* [TASK TO CARRY OUT]:
Exactly the lines from the one containing "Anlasser passend für" through the end of the data, and nothing more, should be retyped; pictures stay out.
[DATA PROVIDED — start]
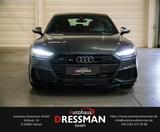 Audi S7 SPORTBACK PANO HuD LUFT B&O ADVANCE 360° ACC - Audi S7: Sportback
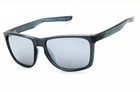 New Nike FD1692 021 Crystal Dark Grey Fortune Sunglasses With Mirror Lenses. Price: $49.95.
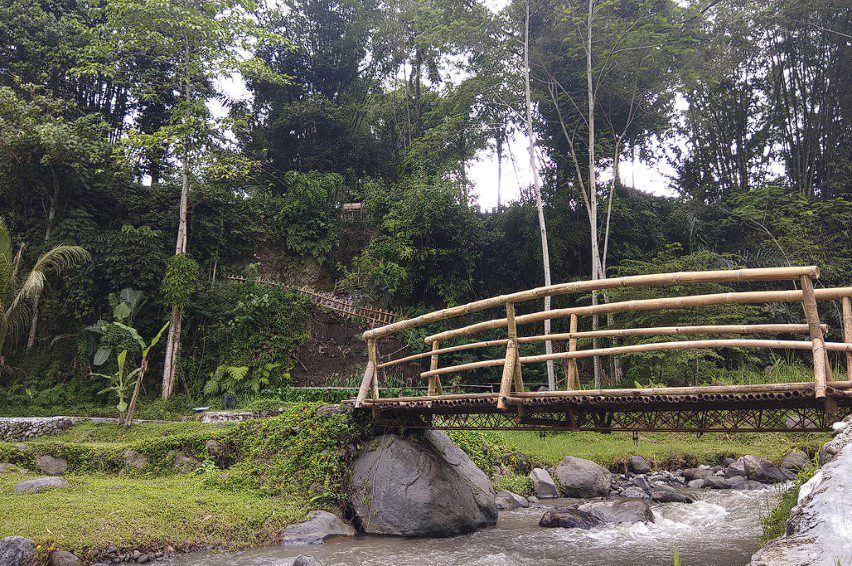 camping ground jogja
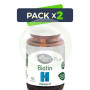 Pack 2x Biotin (Vitamina H) El Granero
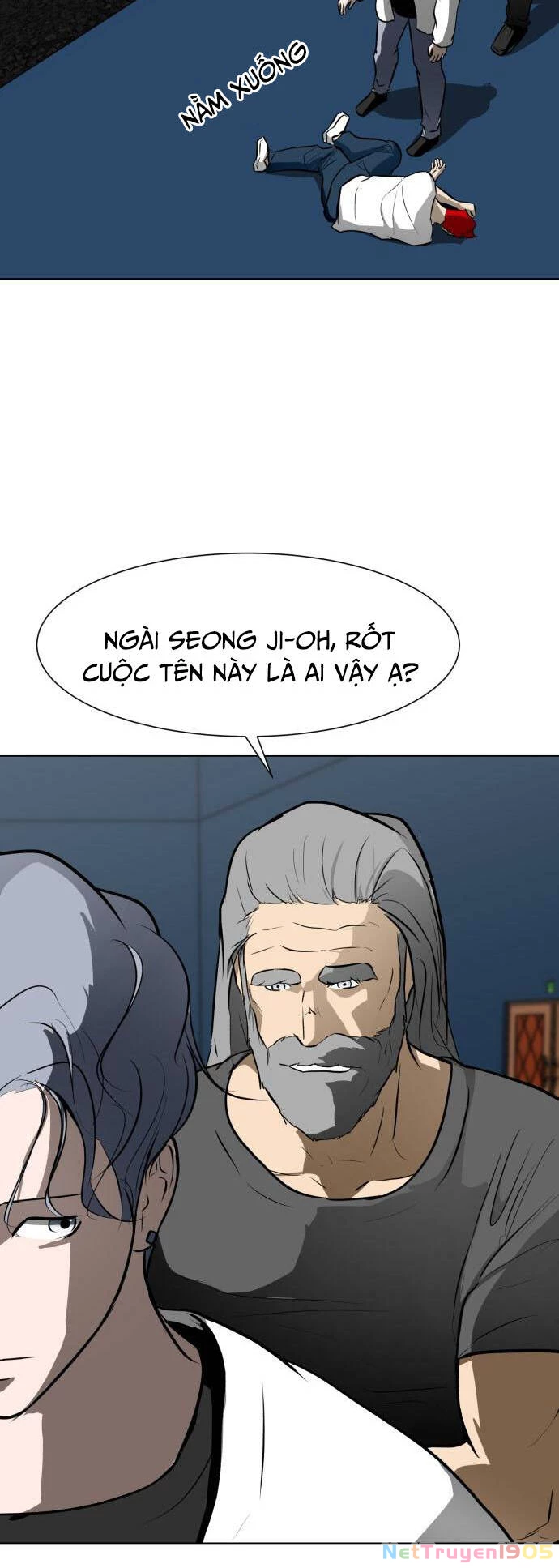 Sàn Đấu Của Thây Ma Chapter 37 - 13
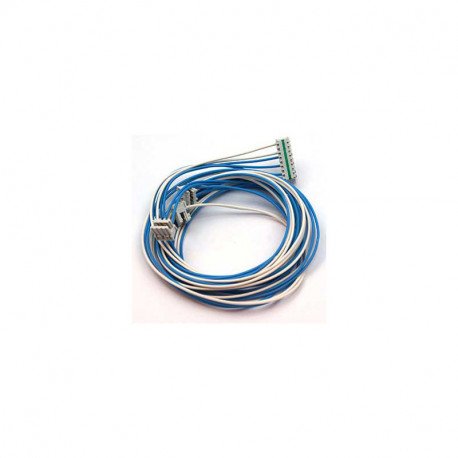 Cablage evp evl ntc arcadia 2 pour lave-linge Hotpoint-ariston C00283597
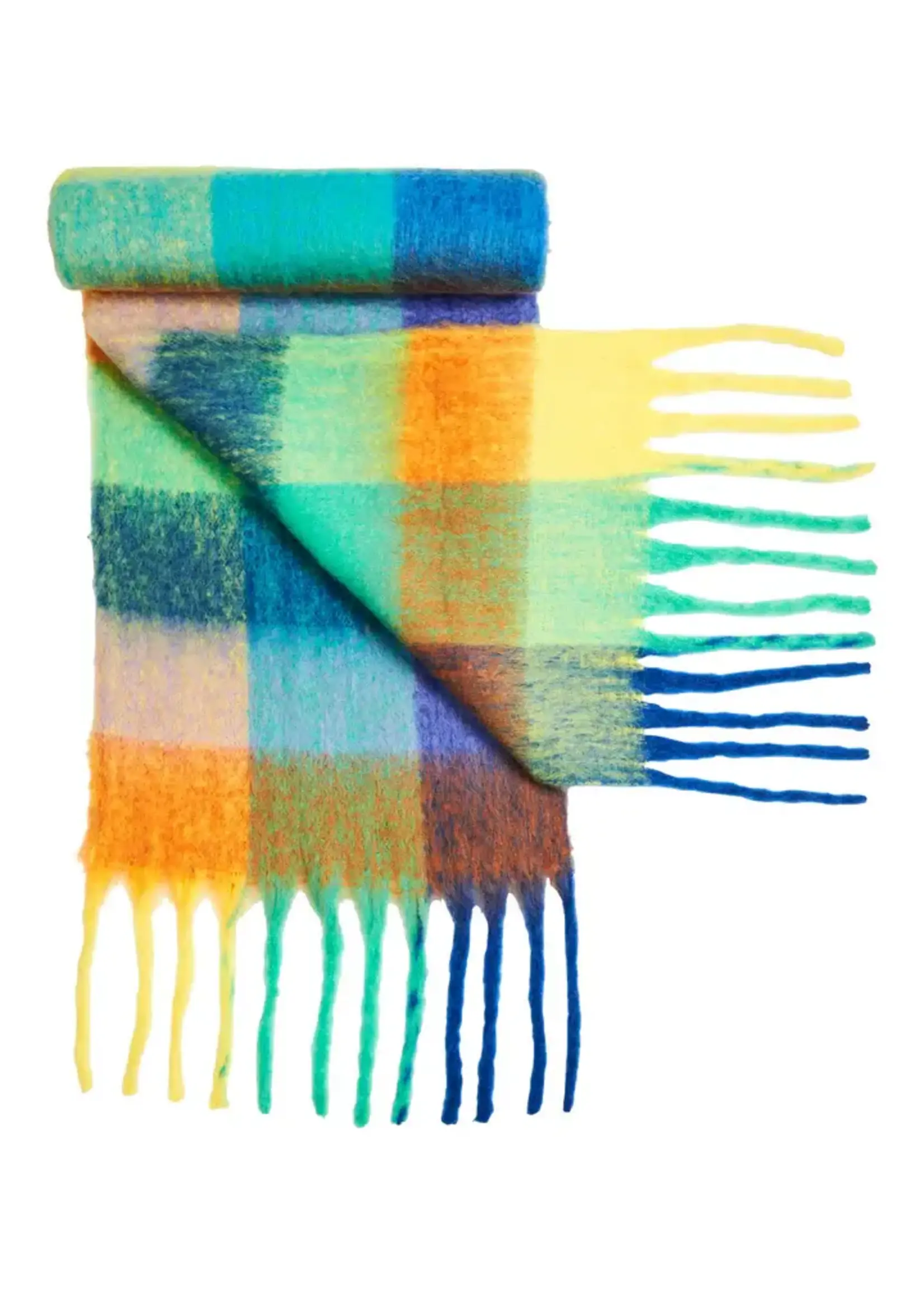 Haven Marrakesh Scarf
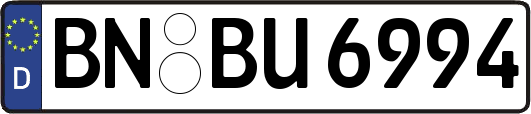 BN-BU6994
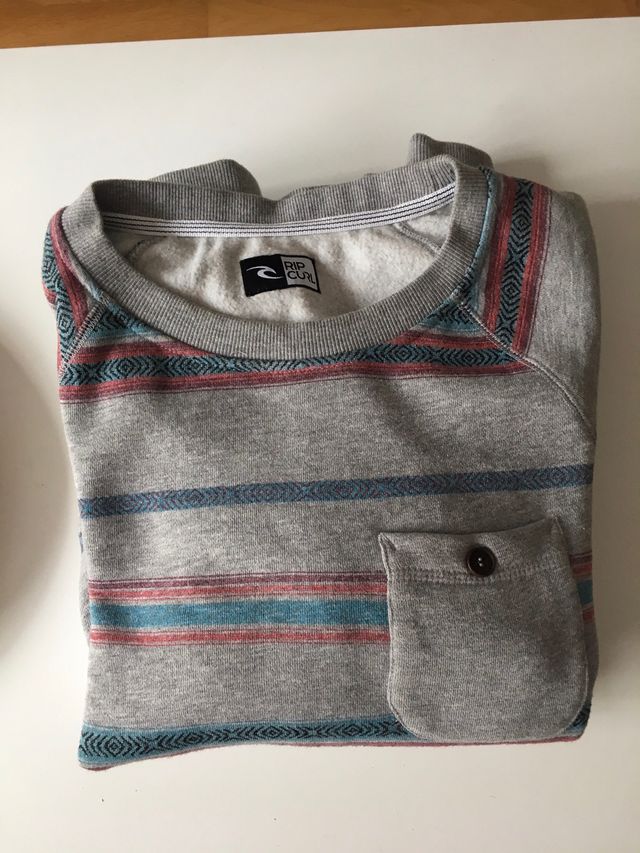 Sudera Rip curl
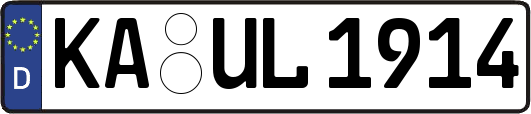 KA-UL1914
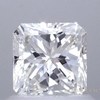 1.03 ct. Radiant Cut Loose Diamond, G, VS1 #3
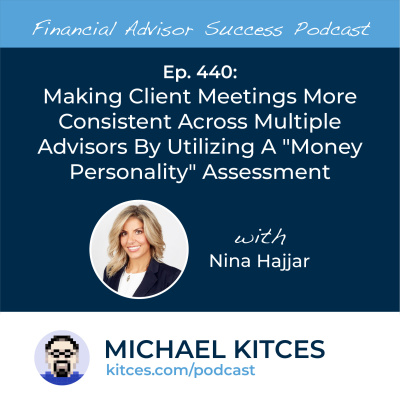 Financial Advisor Success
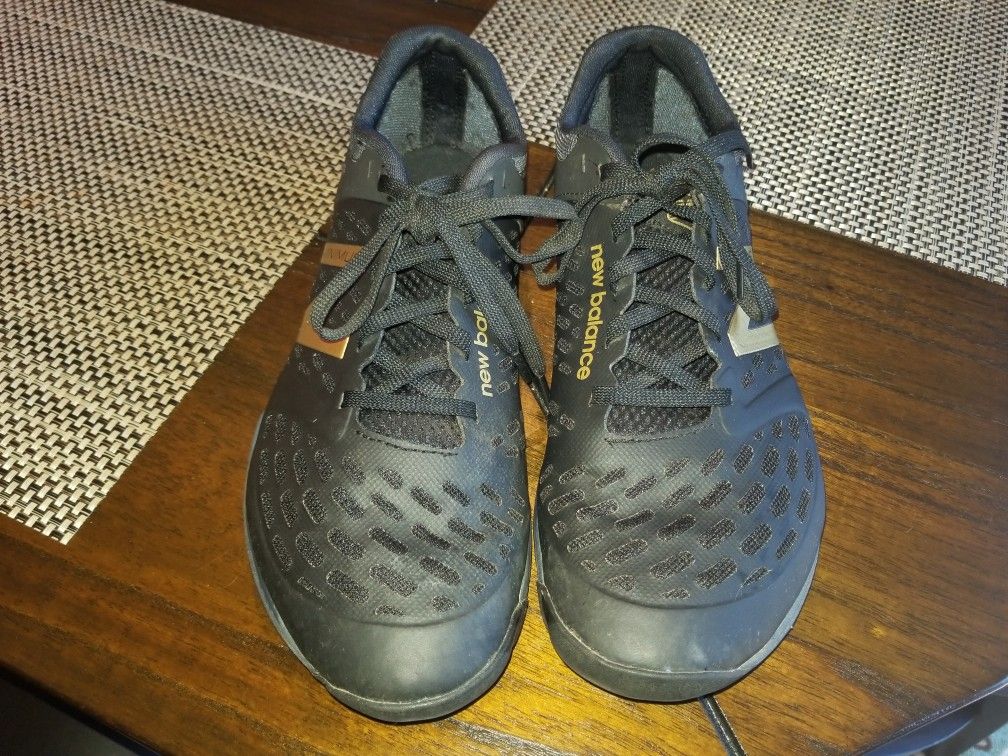 New Balance Shoes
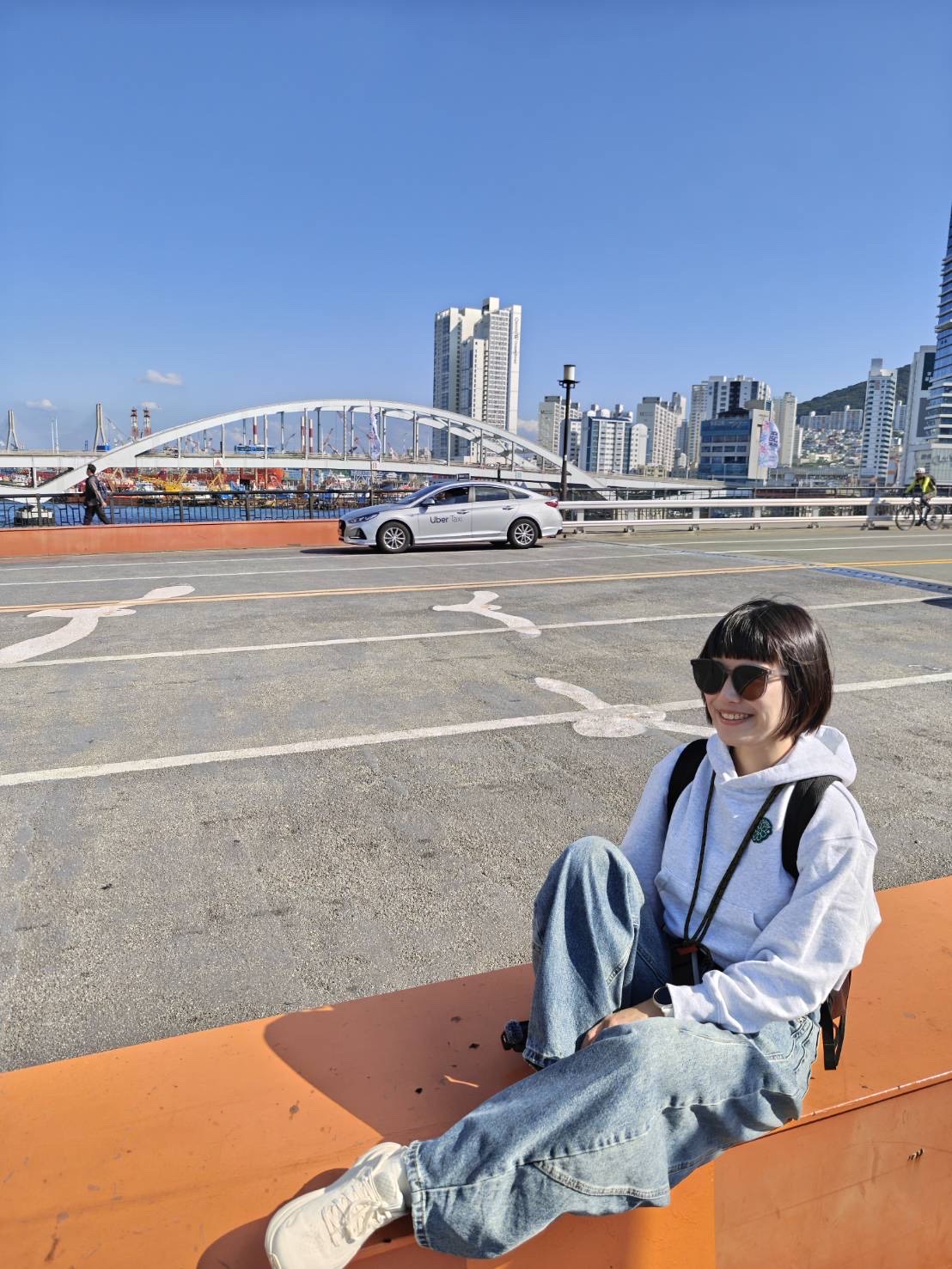 影島大橋 | 去趣 chicTrip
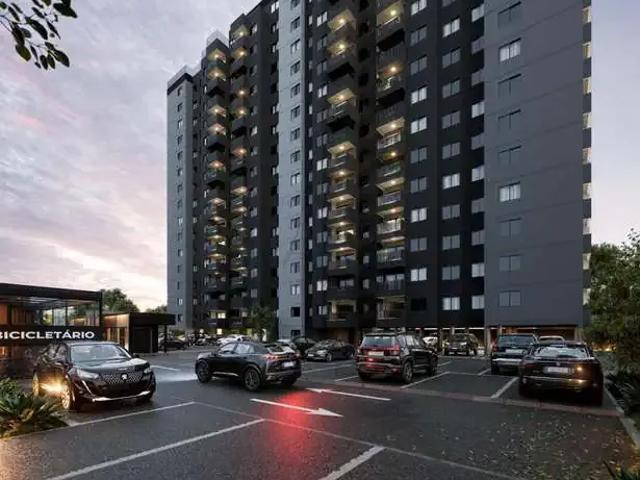 Apartamento para Venda em Duque de Caxias/RJ Jardim Primavera 2 Quartos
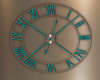 Corsico Wall Clock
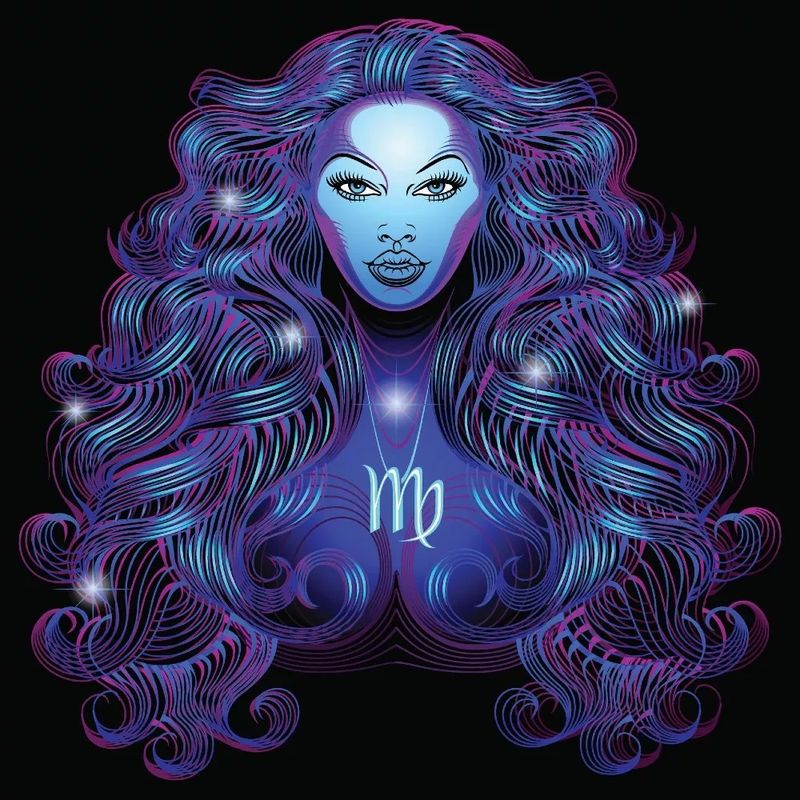 Horoscop august 2022 Fecioară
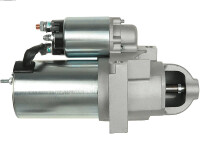 Anlasser passend für Mercury Various 12V 1,7 kW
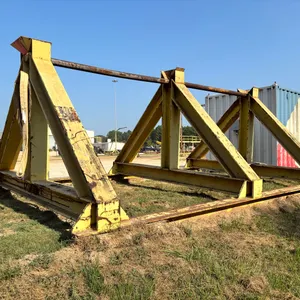 1570 DRAGLINE ROPE SKID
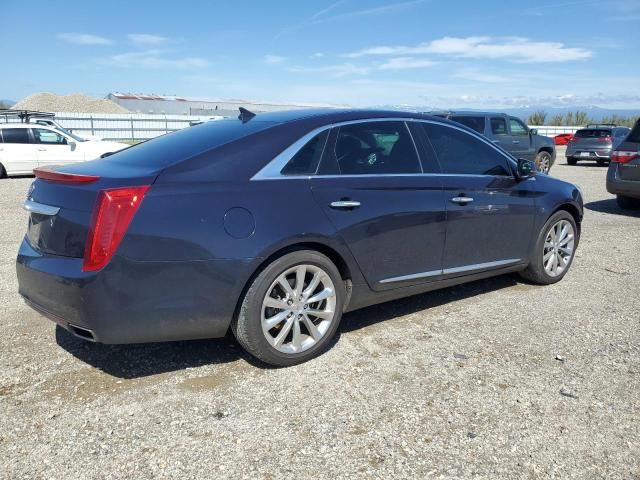 2014 Cadillac XTS Premium Collection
[DATA PROVIDED — finish]
* [WRITTEN RESPONSE]:
 Anlasser passend für Mercury Various 12V 1,7 kW
 1570 DRAGLINE ROPE SKID
 2014 Cadillac XTS Premium Collection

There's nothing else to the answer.